Guatemala: Summary of Amnesty International's concerns: January 1995 - January 1996

Guatemala: Summary of Amnesty International's concerns: January 1995 - January 1996

Comments:
Amnesty International continues to document a disturbing pattern of human rights violations in Guatemala. Extrajudicial executions, "disappearances", torture, death threats, harassment and intimidation persist. The violations have been directed at many sectors of society including: trade unions and popular organizations, human rights defenders, journalists, students, religious personnel, those attempting to investigate past human rights violations, witnesses, former refugees and displaced people returning to their lands and street children. Of particular concern is the alarming level of threats and attacks that have been reported against human rights defenders during the year. Some have been the subject of verbal or written death threats as a result of their work.
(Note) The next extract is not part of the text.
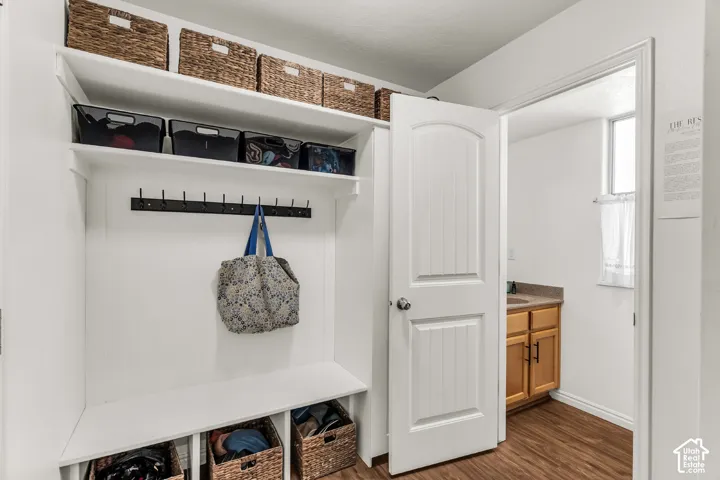 Built-in shelving with storage cubbies and coat hooks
Others have been attacked and killled. The perpetrators of these human rights violations are mainly the police and military and army-created civil patrols. The government also encouraged the formation of new civilian "self-defence" squads to be armed and trained by the military. These and other vigilante-style groups were implicated in abuses against perceived opponents of the government, reportedly disguising the attacks as common crimes to avoid official accountability. There has been little progress in clarifying the tens of thousands of past abuses. Those responsible for human rights violations continue to benefit from almost total impunity. To date, none of those responsible for the deaths of thousands of people during the late 1970s and early 1980s at the height of the army's counter-insurgency campaign, have been brought to justice. During 1995, independent forensic groups undertook further exhumations at sites where large-scale extrajudicial executions had been reported during this period. Several hundred remains were uncovered, but Amnesty International knew of no case where official bodies undertook investigations to determine how the victims died nor who was responsible. Instead, family members, witnesses and human rights defenders involved in the exhumations were themselves threatened and harassed.